Around 70 to 80 people showed up and spoke at the meeting, according to an estimate by the non-profit community action group Empower DC, which  sponsored the meeting. Trueblood wants to hear from not just affluent people,  but low-income and homeless people as well, his office said in a response to an e-mailed question.  He wants to talk, really, to anybody interested in planning. 

“That’s what’s really meaningful to me,” he told the crowd at Union Temple. “I hope this can be an ongoing conversation and dialogue. I hope trust can be carried out and developed. 

“We need to start planning for people first. Then the people will come.” 

“We have to think years into the future,” he said. “What is our positive vision for the city? What are the tools we can use to get there?”  

Trueblood has been in the job less than three months, so he and his staff are still working to formulate a strategy for implementing his vision, he told Street Sense Media. Trueblood replaced Eric Shaw as planning director.    

The Bowser administration and OP were inundated with 3,000 community amendments for this revision of the Comprehensive Plan. During the prior go-around, in 2006, they received a mere 200. 

A big indicator of interest Empower D.C. Executive Director Parisa Norouzi told the crowd, was a D.C. City Council meeting in March, 2018,  during which so many citizens signed up to testify that the hearing lasted 13 hours and did not end until the early morning of the next day. It demonstrated, she said, just how much citizens, whether poor or affluent, want to be heard.  

There will definitely be more public engagement before the edited and revised OP version of the Comprehensive Plan goes back to the Council, Trueblood emphasized.  He said another round will likely happen in May or June.  

Conventional tools of the Comprehensive Plan that have been used by planners previously, such as Small Area Plans (which specify details of particular areas of the map such as shopping centers and office parks that use land intensively) and Future Land Use Maps (which aid in building new structures and show future plans for more intensively developed areas) will be amended, Trueblood said.    

He told the crowd that he wants to use data analytics in the planning work to visualize and analyze housing that already exists to sensibly determine what more needs to be built. 

Eric Sheptock and Chris Otten, both community activists and affordable housing experts, asked Trueblood to assure them he would consider the District government’s promise that a share of new housing plans would save a portion of what they build for affordable low-income housing for the segment of the community that needs it. 

Activist Mary Bolton wished the Office of Planning would break housing statistics down into manageable pieces so the public can understand with the information more readily.
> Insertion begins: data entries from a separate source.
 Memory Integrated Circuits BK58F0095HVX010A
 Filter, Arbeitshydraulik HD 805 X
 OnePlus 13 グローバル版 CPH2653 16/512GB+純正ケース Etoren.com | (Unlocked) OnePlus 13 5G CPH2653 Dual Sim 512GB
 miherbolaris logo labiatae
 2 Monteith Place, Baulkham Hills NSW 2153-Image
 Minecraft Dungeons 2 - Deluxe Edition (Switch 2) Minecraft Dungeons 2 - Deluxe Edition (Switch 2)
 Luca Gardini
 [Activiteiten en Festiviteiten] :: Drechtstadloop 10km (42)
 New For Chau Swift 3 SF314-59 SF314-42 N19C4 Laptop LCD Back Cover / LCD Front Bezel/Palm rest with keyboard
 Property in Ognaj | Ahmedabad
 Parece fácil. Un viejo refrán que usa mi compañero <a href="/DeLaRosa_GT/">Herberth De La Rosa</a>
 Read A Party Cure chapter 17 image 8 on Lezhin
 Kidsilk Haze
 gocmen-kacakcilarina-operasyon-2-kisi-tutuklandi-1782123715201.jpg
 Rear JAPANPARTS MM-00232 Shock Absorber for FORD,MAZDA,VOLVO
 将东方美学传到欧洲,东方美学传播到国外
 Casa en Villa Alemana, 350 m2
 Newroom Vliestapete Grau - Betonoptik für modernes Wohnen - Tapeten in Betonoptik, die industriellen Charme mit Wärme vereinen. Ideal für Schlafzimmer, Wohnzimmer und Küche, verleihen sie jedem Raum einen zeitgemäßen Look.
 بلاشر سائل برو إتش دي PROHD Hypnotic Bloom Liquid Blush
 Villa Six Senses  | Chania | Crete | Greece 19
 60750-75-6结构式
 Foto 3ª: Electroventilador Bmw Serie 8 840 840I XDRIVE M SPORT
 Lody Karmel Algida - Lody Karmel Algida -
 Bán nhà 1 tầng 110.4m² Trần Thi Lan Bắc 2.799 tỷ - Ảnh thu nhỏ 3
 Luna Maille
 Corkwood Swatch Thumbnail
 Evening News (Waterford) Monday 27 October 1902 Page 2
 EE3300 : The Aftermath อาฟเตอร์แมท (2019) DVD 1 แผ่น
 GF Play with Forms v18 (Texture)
Trueblood responded that he’d like to systematize affordable housing data so that people can work with it.  

Trueblood said he’d like to start a housing matrix that incorporates other planning analyses, which would be part of a positive future view of the city. 

Norouz remarked that she’d like to see the Bowser administration have more small meetings for the public about various parts of the Comprehensive Plan, rather than try to deal with the entire document, which numbers 1,000 pages.